A neutral kaon is denoted by $K^0$. It decays into two charged pions ${\pi }^{+}$ and ${\pi }^{-}$. Now suppose a neutral kaon $K^0$ is moving along positive x-direction and decays into two pions as shown in the figure below. One pion ${\pi }^{+}$ moves off at 0.9c and the other pion ${\pi }^{-}$ at 0.8c .

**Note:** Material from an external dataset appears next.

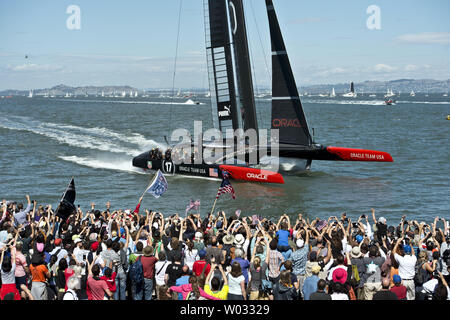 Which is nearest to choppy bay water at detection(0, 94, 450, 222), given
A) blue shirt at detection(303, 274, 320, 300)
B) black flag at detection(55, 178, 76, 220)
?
black flag at detection(55, 178, 76, 220)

(a) Apply Energy conservation to find the velocity of kaon before decay:

Apply the energy conservation as below.

$$\begin{gathered} {\gamma }_{K^0}{m}_{K^0}{c}^2={\gamma }_{0.9c}{m}_{\pi }{c}^2+{\gamma }_{0.8c}{m}_{\pi }{c}^2 \\ {\gamma }_{K^0}=\left(\frac{\left({\gamma }_{0.9c}+{\gamma }_{0.8c}\right)m_{\pi }}{m_{K^0}}\right) \end{gathered}$$

Finding the Lorentz factors $\left(\gamma =\frac{1}{\sqrt{1-{\displaystyle \raisebox{1ex}{$u^2$}\!\left/ \!\raisebox{-1ex}{$c^2$}\right.}}}\right)$for two pions and putting them in the above equation you get,$$\begin{gathered} {\gamma }_{K^0}=1.11 \\ {u}_{K^0}=0.4384c \end{gathered}$$

(b) Apply momentum conservation separately in x and y direction:

In x-direction,

$$\begin{gathered} {\gamma }_{K^0}{m}_{K^0}{u}_{K^0}={\gamma }_{0.9c}{m}_{\pi }\left(\left(0.9c\right)\cos {\theta }_1\right)+{\gamma }_{0.8c}{m}_{\pi }\left(\left(0.8c\right)\cos {\theta }_2\right) \\ 1.11\left(8.87\times {10}^{-28}kg\right)\left(0.4384c\right)=\left[2.29\times 0.9c\cos {\theta }_1+1.67\times 0.8c\cos {\theta }_2\right]\left(2.49\times {10}^{-28}kg\right) \\ 2.06\cos {\theta }_1+1.34\cos {\theta }_2=1.73 \end{gathered}$$

$1.73-2.06\cos {\theta }_1=1.34\cos {\theta }_2$ ..… (1)

In y-direction,

$$\begin{gathered} 0={\gamma }_{0.9c}{m}_{\pi }\left(0.9c\sin {\theta }_1\right)-{\gamma }_{0.8c}{m}_{\pi }\left(0.8c\sin {\theta }_2\right) \\ 2.06\sin {\theta }_1=1.34\sin {\theta }_2 \end{gathered}$$ ….. (2)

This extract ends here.